Greece has rejected the prospect of a “long-term loan” of the Parthenon marbles from the British Museum in London, despite reports just last week that the two sides were nearing an agreement. Senior Greek ministers refuse to acknowledge that the U.K. institution legitimately owns the sculptures or that it therefore has the right to loan them out.
During a televised meeting today between Greece’s prime minister Kyriakos Mitsotakis and president Katerina Sakellaropoulou, the premier declared that he still hopes to secure the permanent return of the sculptures should he win a second term in the country’s legislative elections in July, according to Reuters, suggesting that the stance is part of his party’s re-election campaign.
“I don’t expect immediate results, but I believe that we have already moved very systematically,” he said. “If the Greek people trust us again, I believe we could achieve this target after the elections.”
These promises contradict a statement made by the British Museum to Artnet News last week claiming that it had entered into “constructive discussions” with Greece about a possible “Parthenon partnership.”
On January 3, the Telegraph reported that the museum’s chairman, George Osborne, has drawn up a landmark deal with Athens to possibly return the cultural treasures after 200 years as part of a “cultural exchange” that would effectively be a “loan agreement.”
If the deal were to go ahead, Greece would be acknowledging the British Museum’s right to loan out the items.
“We repeat, once again, our country’s firm position that it does not recognize the British Museum’s jurisdiction, possession, and ownership of the sculptures, as they are the product of theft,” said the Greek ministry of culture, according to a report in the newspaper Kathimerini.
The ancient stones were removed from the frieze decorating the Parthenon temple in Athens by the British aristocrat Lord Elgin and eventually bought by the U.K. government for the British Museum in 1816. The debate over whether they should be returned has waged for several decades, with Greece even constructing a special gallery at the Acropolis Museum intended to house the works.
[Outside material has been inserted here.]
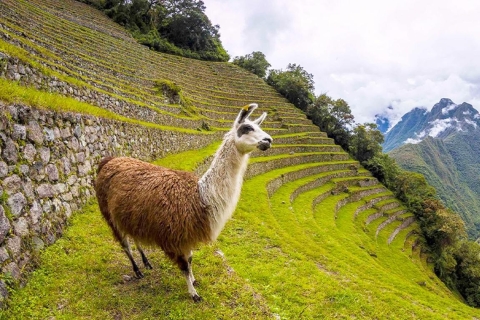Kurzer Inka-Pfad nach Machu Picchu 2D/1N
Those held at the British Museum are currently represented in Athens by plaster copies.
So far, the British Museum has been prevented from selling or giving away any objects from its collection by the 1963 British Museum Act (except for under a few limited conditions). Despite this, the museum’s chairman George Osborne has, according to a Greek minister, been secretly negotiating with Greece to seek out some compromise since 2021.
Today, Mitsotakis also said that Greece was still pushing for the return of the marbles so that “not only we, Greeks, but everyone, including our visitors, see and enjoy this universal monument in its entirety, in its natural space, which is none other than the Acropolis Museum.”